“Do you make sandwiches?”
Shortly after I asked, I realized what a stupid question it was.
It was my first week in New York, and I was lured out of my efficiency hotel into a strip mall by a yarn shop. It was situated right next to a deli. I had never been into a real deli before, but at the supermarket, we used to buy fancy rolls and sliced cold-cuts. Then we would take them home and make poor-boys in the oven.
The guys in the deli made a big joke of it, and it was like they were handing out wings, and not the blue cheese and hot sauce variety either.
Once in my own apartment and in charge of my own food choices, I tried many recipes found in my first cookbook, “Recipes for a Small Planet”. My first experiment with soy grits tasted a bit like barfed-up dog food. I made a weekly batch of the granola, and then branched out to various muffin recipes.
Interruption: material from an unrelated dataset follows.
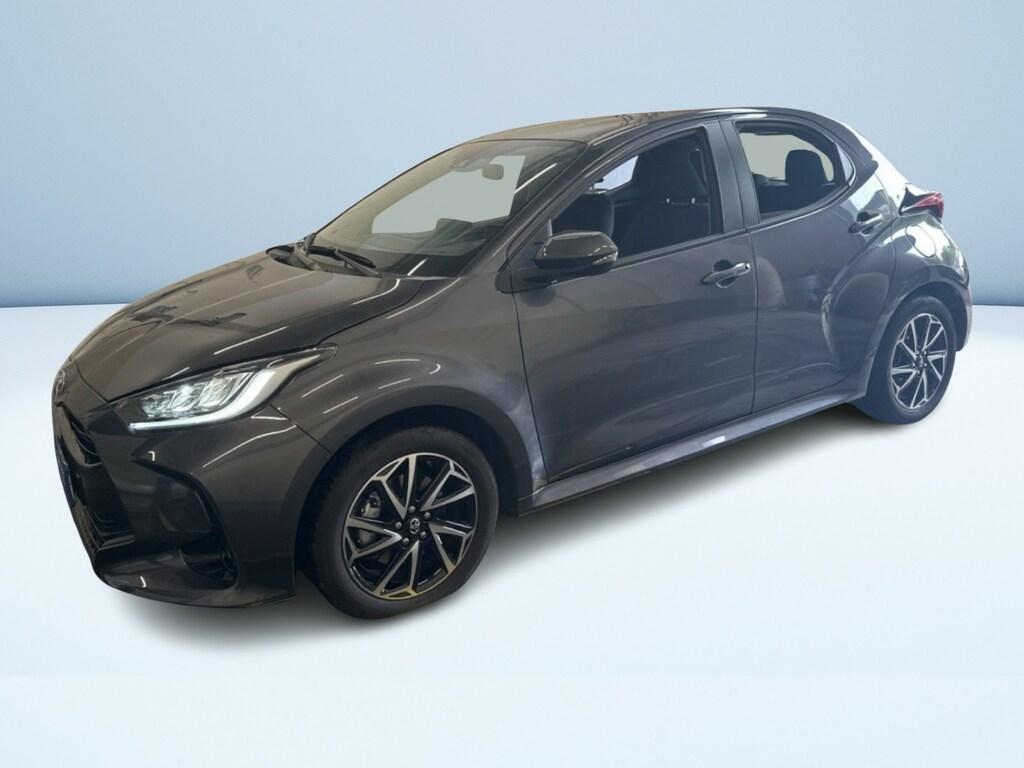 Toyota Yaris 1.5 hybrid Trend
Upstate New York was dotted with farm stands on the honor system, so in the fall I picked up a bushel of apples and a huge bag of table squash. I joined the local food co-op which offered an additional discount in exchange for extra work hours. My main job was to pick up free-range eggs and fresh milk from local farmers and bring them to the co-op.
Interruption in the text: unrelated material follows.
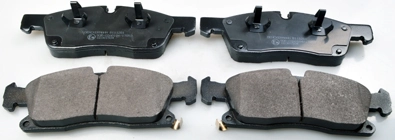 Brake Pad Set, disc brake B111281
One of my favorite jobs was to restock the macrobiotic section. I had never heard of any of these strange foods before, but was intrigued by the large wooden vats of miso and the tofu blocks floating in large plastic buckets. We were the only place in town that carried tofu retail, and we did a pretty high volume on the Saturday mornings I worked there. The macrobiotic way became my new lifestyle, and was really my first formal introduction to eating local foods on purpose. In macrobiotics, it is always better to eat local, both in place (especially latitudinally) and in time. (Of course, it was also OK to eat any kind of food from Japan.) I really warmed up to the idea of eating locally and seasonally, with whole foods. The co-op made it easy for me. All the foods and produce selections were labeled with place of origin, and if they were grown organically or transitionally. I enjoyed making the new signs when we started carrying a new product or vegetable.
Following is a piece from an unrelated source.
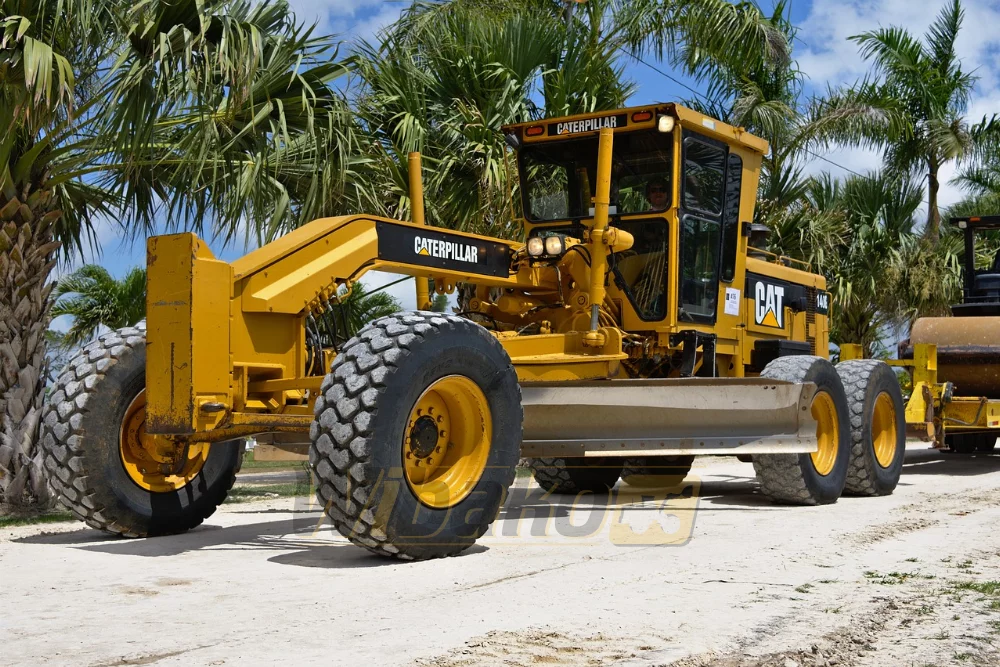 grader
When I got to California, macrobiotics didn’t survive the move. Somehow it didn’t seem right to shun certain tropical foods that were growing like weeds in my backyard. What worked in the cold Northeast wasn’t working as well in our Mediterranean climate. I started eating tomatoes, peppers and the citrus fruits that my neighbors gave me. But I never did give up my love of seasonal eating or my favorite comfort food, miso soup.